Skip to content

Turkish stylometry walkthrough

A complete runnable example: attribute a small Turkish short-story corpus using MFW + Ateşman readability + Burrows Delta. The stories are public-domain Ömer Seyfettin texts from Turkish Wikisource.

Setup

uv pip install 'tamga[turkish]'
python -c "import stanza; stanza.download('tr')"
tamga init seyfettin --language tr
cd seyfettin

This scaffolds a project directory with study.yaml pre-configured for Turkish. Confirm with:

tamga info

The language row shows tr.

Corpus

Place 3-5 Turkish short stories in corpus/ as UTF-8 .txt files. A good public-domain source is Ömer Seyfettin on Turkish Wikisource — dozens of early-20th- century short stories are already transcribed there.

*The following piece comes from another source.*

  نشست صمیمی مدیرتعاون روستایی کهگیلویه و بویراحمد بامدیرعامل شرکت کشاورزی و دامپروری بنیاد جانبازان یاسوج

Add a corpus/metadata.tsv:

filename    author  year
bomba.txt   Omer_Seyfettin  1910
kesik_biyik.txt Omer_Seyfettin  1911
forsa.txt   Omer_Seyfettin  1913
pembe_incili_kaftan.txt Omer_Seyfettin  1917

A real study would include several authors. For a single-author demo, pair Seyfettin with a few stories by Refik Halit Karay (also public domain) to give Delta something to discriminate.

Running the study

tamga ingest corpus/ --language tr --metadata corpus/metadata.tsv
tamga run study.yaml --name first-run

tamga ingest runs Stanza through spacy-stanza. The first run parses every document and caches the DocBins; subsequent runs hit the cache and finish in seconds.

What you get

A default Turkish study computes:

  • MFW (top 1000 tokens, z-scored relative frequencies)
  • Turkish function words — loaded from resources/languages/tr/function_words.txt, derived from UD Turkish BOUN closed-class tokens
  • Ateşman and Bezirci-Yılmaz readability indices
  • Burrows Delta + PCA/MDS reduction plots

The output folder results/first-run/ contains:

  • result.json with Delta scores and provenance
  • table_*.parquet feature matrices
  • PNG / PDF figures (distance heatmap, PCA scatter)
  • a provenance.json that records the corpus hash, seed, and full resolved config

Customising

Edit study.yaml to swap features or methods. For example, to use contextual embeddings instead of MFW:

features:
  - id: bert_tr
    type: contextual_embedding
    # model auto-resolves to `dbmdz/bert-base-turkish-cased` via the language registry
    pool: mean

For a heavier Turkish encoder, point model: at any HuggingFace checkpoint:

features:
  - id: bert5urk
    type: contextual_embedding
    model: stefan-it/bert5urk
    pool: mean

Notes on Turkish specifics

  • Morphology. Turkish is agglutinative; a token like evlerinizden packs ev+ler+iniz+den into one form. Stanza's Turkish BOUN model lemmatises and tags these correctly, which matters for POS-ngram and dependency-based features.
  • Syllable counting. Both Ateşman and Bezirci-Yılmaz count syllables using a vowel-counter specialised for Turkish orthography (including ı, ğ, ş, ç, ü, ö).
  • Function words. The bundled list leans on Turkish's closed-class postpositions, conjunctions, and discourse particles (e.g. ile, ancak, fakat, çünkü, ki, ise).

Troubleshooting

  • ModuleNotFoundError: No module named 'spacy_stanza' — run uv pip install 'tamga[turkish]'.
  • FileNotFoundError: ... stanza_resources/tr/default.zip — run python -c "import stanza; stanza.download('tr')". The model is about 600 MB.
  • Very slow first ingest on MPS. Stanza's Turkish model does not yet support Apple Silicon MPS. Expect CPU parse rates on first run; subsequent runs are cache hits.